Q 22 Were Indigenous communities consulted in the course of preparing the fourth harmonization bill?
- The development of the harmonization proposals now included in Bill S-11 and the public consultations took place in 2017 or before.
- The potential intersections between the harmonization bill and the rights and principles contained in the UN Declaration have been evaluated.
- The Bill, which proposes only technical or terminological changes, does not aim to alter the legislative policy underlying the provisions. It does not change the rights of Canadian citizens, which includes the rights of Indigenous peoples.
- Indigenous peoples have the opportunity to express their interests and views on this Bill throughout the parliamentary process.
Q 23 The fourth harmonization bill takes into account terminology and legal concepts in both official languages. What about the terminology and concepts in Indigenous languages?

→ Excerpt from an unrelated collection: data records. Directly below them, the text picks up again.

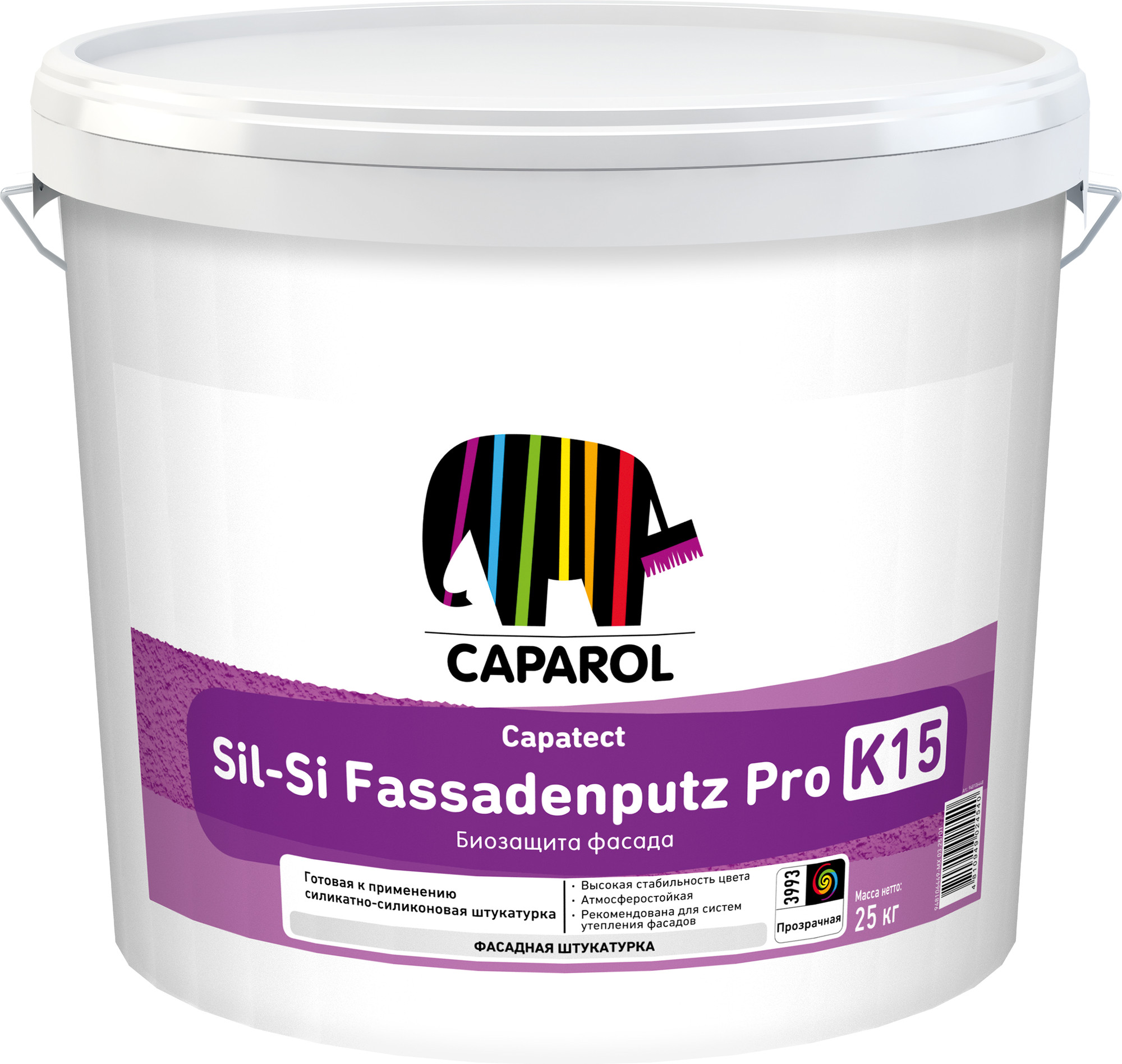 Штукатурка готовая декоративная Caparol Capatect Sil-Si Fassadenputz Pro K15 База3 (25кг)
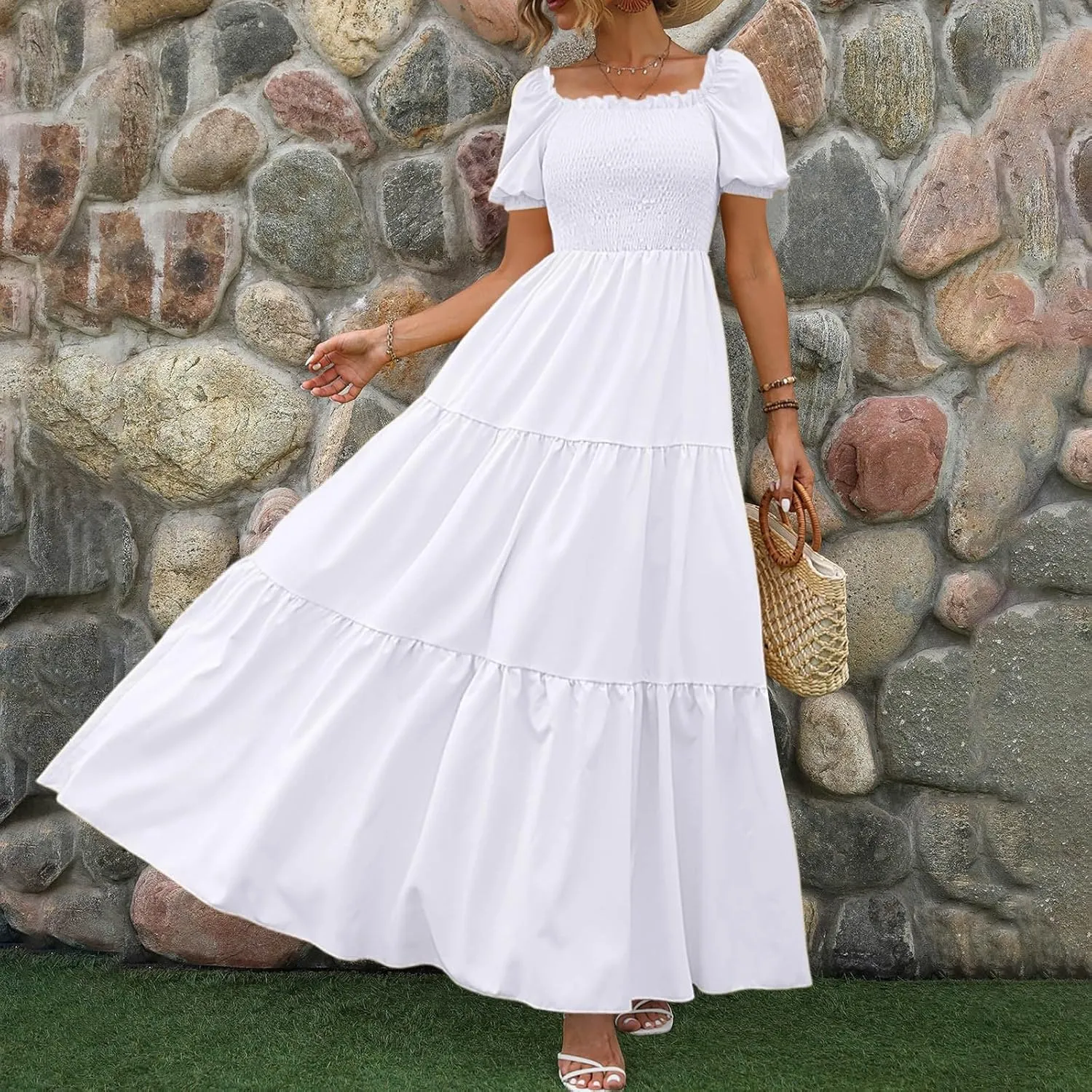Rvidbe Womens Summer Short Sleeve Square Neck Maxi Dress Smocked Ruffle Hem Tiered Long Dresses Boho A Line Beach Sundress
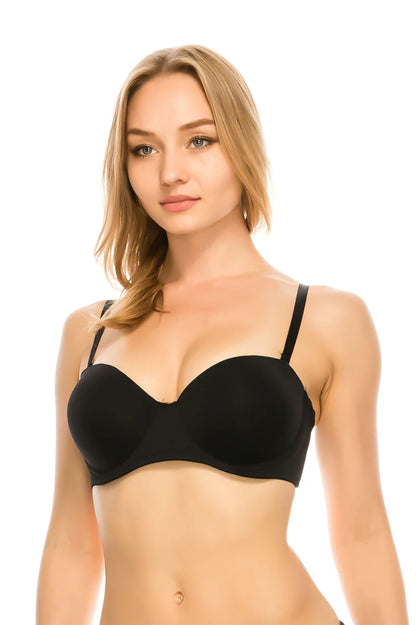 Woman wearing a black bra on a white background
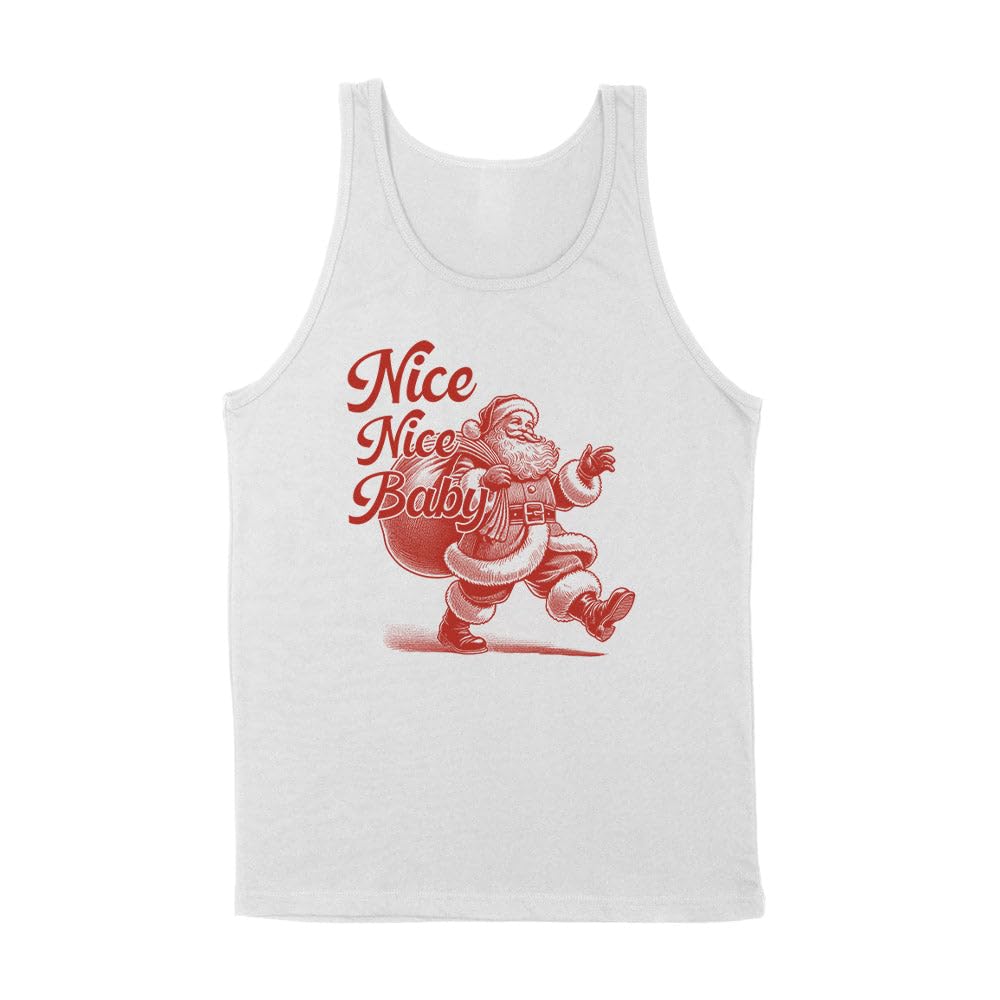 Santa Nice Nice Baby Tank Top Unisex Large White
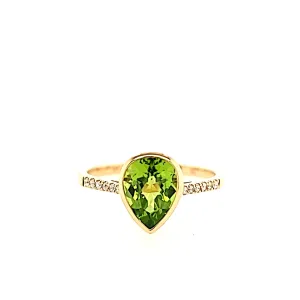 14k Yellow Gold Pear Peridot Ring (I8021)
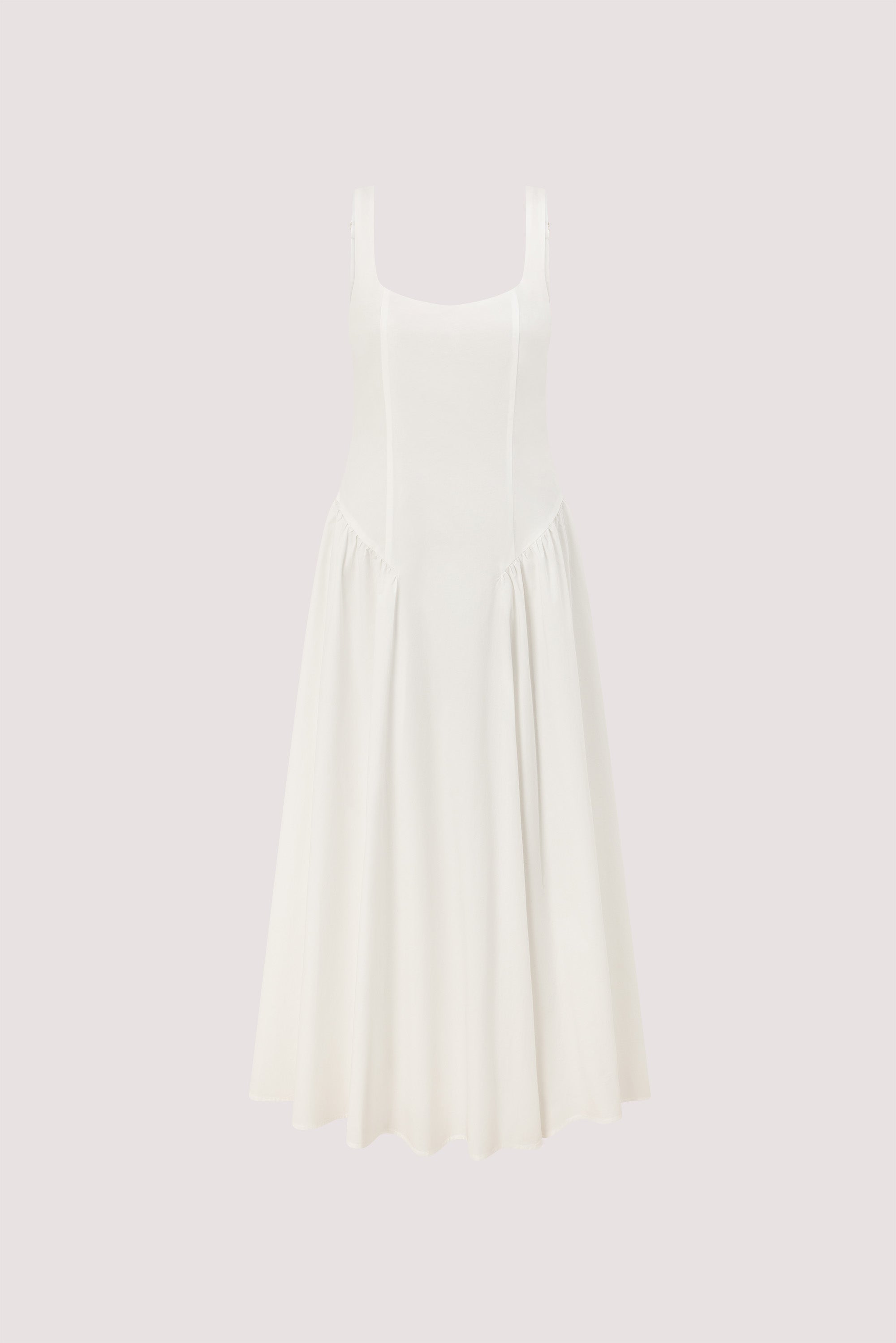 ELORIN WHITE COTTON MIDI DRESS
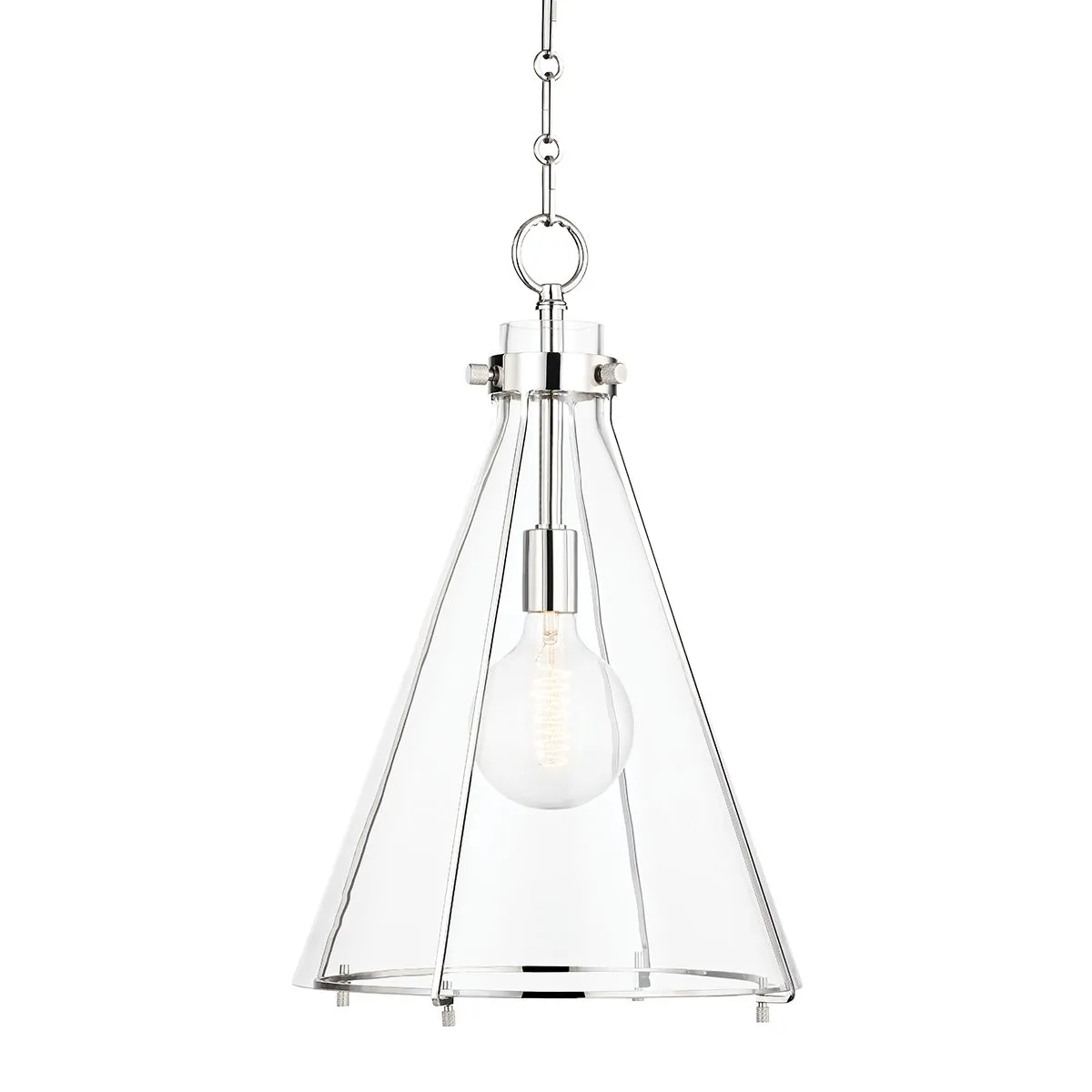 Eldridge 14 in. Cone Pendant Light Polished Nickel Finish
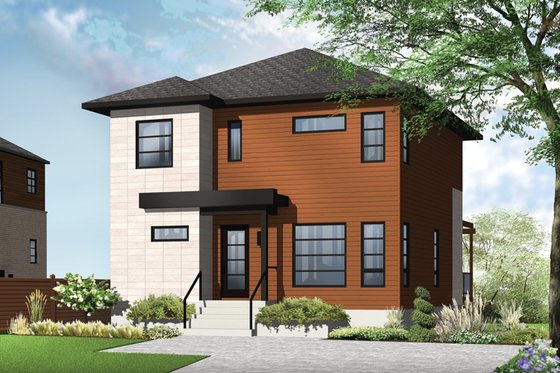 Exterior - Front Elevation 3 for Contemporary House Plan #23-2583 - 3 bed, 1.5 bath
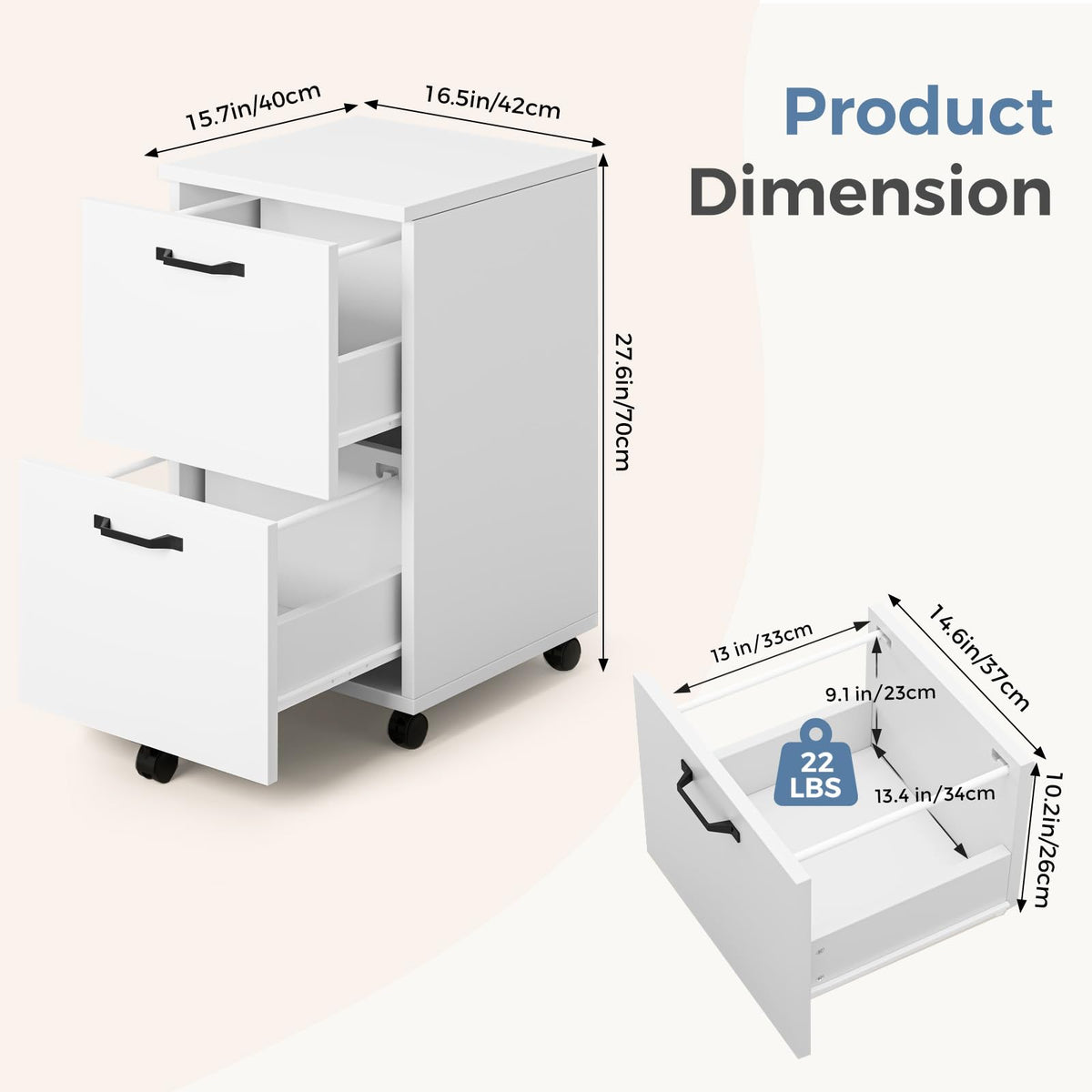 DUMOS 2 Drawer Filing Cabinet, Rolling Under Desk Storage, White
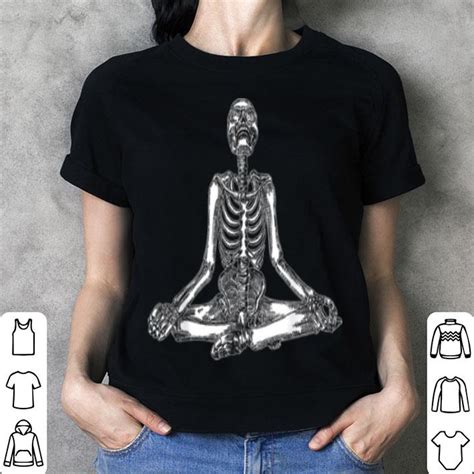 original halloween meditating skeleton funny freaky yoga gift shirt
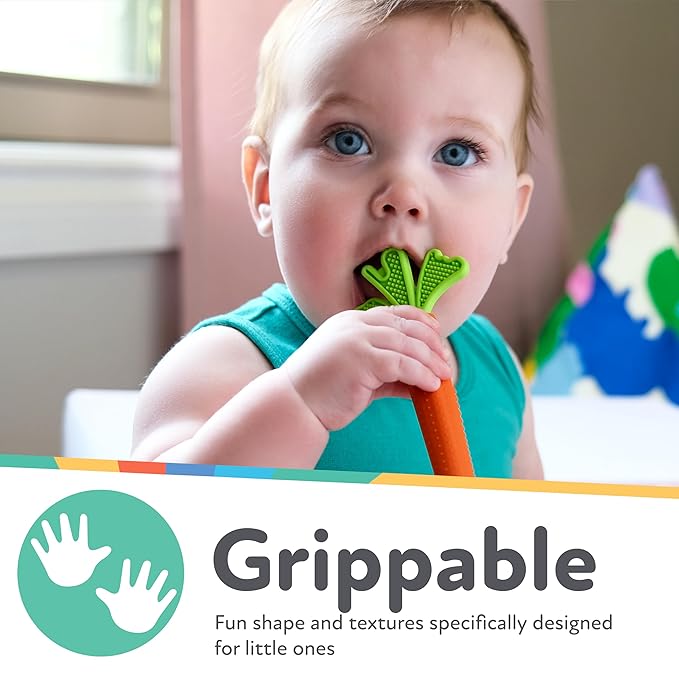 Nuby Silicone Carrot Tube Teether and Messaging Infant Teether - (2-Pack) Baby Teething Toy - 3+ Months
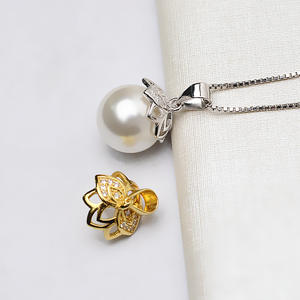 จี้เงินแท้ S925 แบบ Baotou Xiang สำหรับทำเครื่องประดับ DIY ถาดเปล่าสำหรับใส่จี้มุกและชาร์ม งานกึ่งสำเร็จรูปสำหรับฝังอัญมณี - Product Image 4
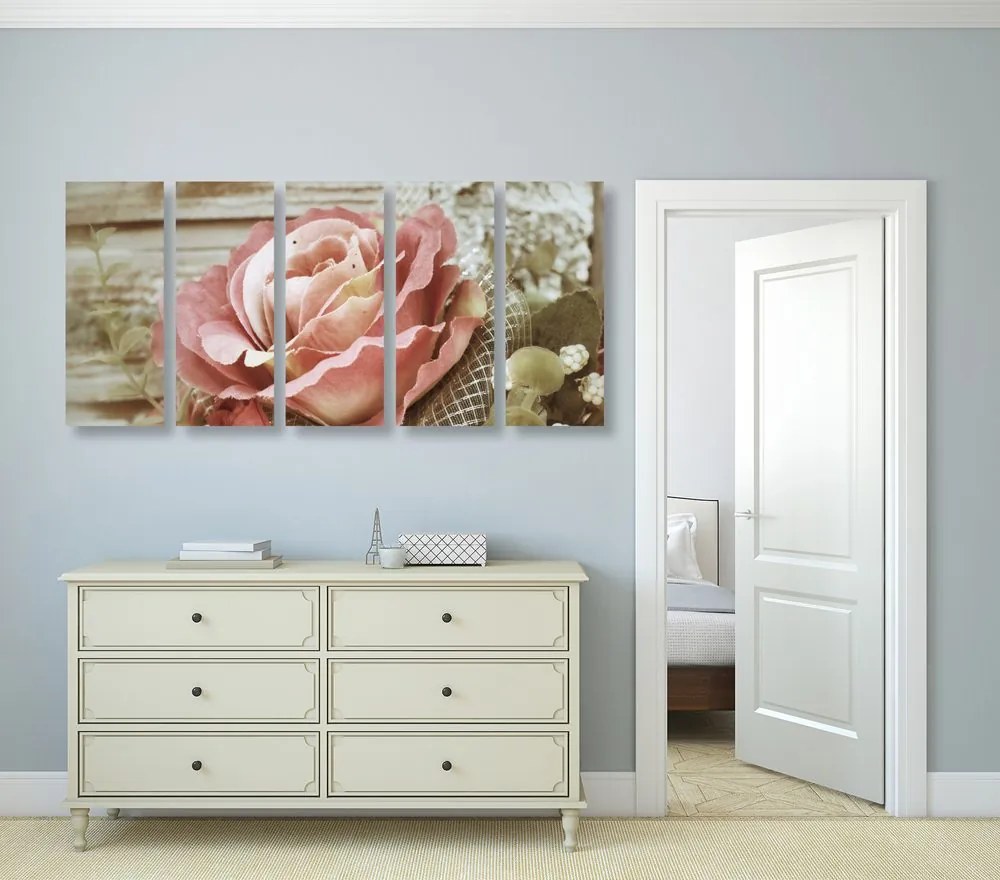 Quadri 5 pezzi – Rose vintage eleganti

- Indigenous languages are fundamental to the identity and culture of Indigenous peoples, their spirituality and their self-determination. The Government of Canada has committed to fully implementing the Indigenous Languages Act since it received Royal Assent in 2019. This law aims to support Indigenous peoples in their efforts to reclaim, revitalize, maintain and strengthen Indigenous languages.
- Bill S-11 has an incidental contribution to the respect of official languages.
- The strengthening and revitalization of Indigenous languages are the object of measures distinct from those addressed in the present Bill. The Government has committed to implementing the UN Declaration, which sets out rights with respect to Indigenous languages. The Indigenous Languages Act, which led to the creation of an Office of the Commissioner of Indigenous Languages, demonstrates that commitment.
- Other measures have also been proposed by the Government. The inclusion of an express reference to Indigenous languages at section 83 of the Official Languages Act in the context of the recent reform of that Act and the proposal currently being studied concerning the inclusion of official languages on ballots for federal elections are other measures which seek to strengthen and revitalize Indigenous languages.